**Work task:** In the records that come next, find every line with "during". Return those lines.

[Records from a data collection]
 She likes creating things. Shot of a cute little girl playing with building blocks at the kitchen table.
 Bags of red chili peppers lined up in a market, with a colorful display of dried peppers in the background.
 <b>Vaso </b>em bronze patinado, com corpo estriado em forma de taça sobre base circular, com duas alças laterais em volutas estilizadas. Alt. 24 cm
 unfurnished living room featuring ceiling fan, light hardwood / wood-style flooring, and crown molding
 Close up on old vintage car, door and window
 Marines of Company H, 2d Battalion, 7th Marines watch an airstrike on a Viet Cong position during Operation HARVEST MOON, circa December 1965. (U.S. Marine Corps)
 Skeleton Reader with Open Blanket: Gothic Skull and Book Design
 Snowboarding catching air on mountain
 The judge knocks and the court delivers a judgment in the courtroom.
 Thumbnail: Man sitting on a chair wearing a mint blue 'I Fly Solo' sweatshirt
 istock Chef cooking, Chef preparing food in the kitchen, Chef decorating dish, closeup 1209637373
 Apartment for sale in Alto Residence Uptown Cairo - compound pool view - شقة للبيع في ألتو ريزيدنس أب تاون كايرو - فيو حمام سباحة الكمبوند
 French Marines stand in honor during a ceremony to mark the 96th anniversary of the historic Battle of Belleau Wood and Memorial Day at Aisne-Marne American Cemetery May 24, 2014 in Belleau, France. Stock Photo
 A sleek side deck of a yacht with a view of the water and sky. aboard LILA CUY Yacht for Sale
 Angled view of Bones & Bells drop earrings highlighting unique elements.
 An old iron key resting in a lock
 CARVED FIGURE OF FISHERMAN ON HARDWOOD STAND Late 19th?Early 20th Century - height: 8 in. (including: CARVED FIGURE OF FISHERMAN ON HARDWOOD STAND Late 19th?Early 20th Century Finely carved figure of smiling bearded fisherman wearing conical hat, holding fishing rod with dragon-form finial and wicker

**Result:**
 Marines of Company H, 2d Battalion, 7th Marines watch an airstrike on a Viet Cong position during Operation HARVEST MOON, circa December 1965. (U.S. Marine Corps)
 French Marines stand in honor during a ceremony to mark the 96th anniversary of the historic Battle of Belleau Wood and Memorial Day at Aisne-Marne American Cemetery May 24, 2014 in Belleau, France. Stock Photo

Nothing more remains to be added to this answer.